ABOUT THIS EXERCISE: In the entries that follow, the lines from the one with "font options for" through the one with "1980er Gothic Punk Spitze Bund Kleid" are the ones to write out, exactly and with both ends included. Nothing else should appear.

SUPPLIED RECORDS:
++++++
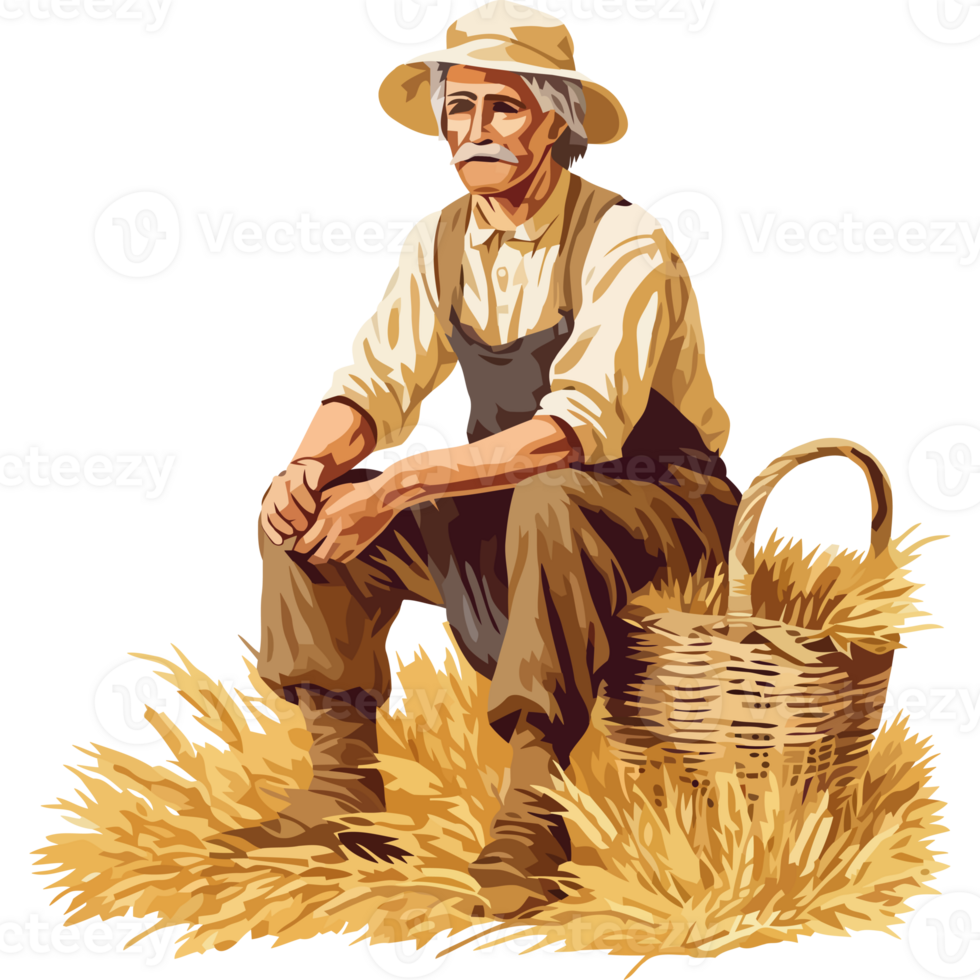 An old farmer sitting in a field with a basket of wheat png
++++++
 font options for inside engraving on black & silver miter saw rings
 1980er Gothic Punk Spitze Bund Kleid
++++++
WRITTEN ANSWER:
 font options for inside engraving on black & silver miter saw rings
 1980er Gothic Punk Spitze Bund Kleid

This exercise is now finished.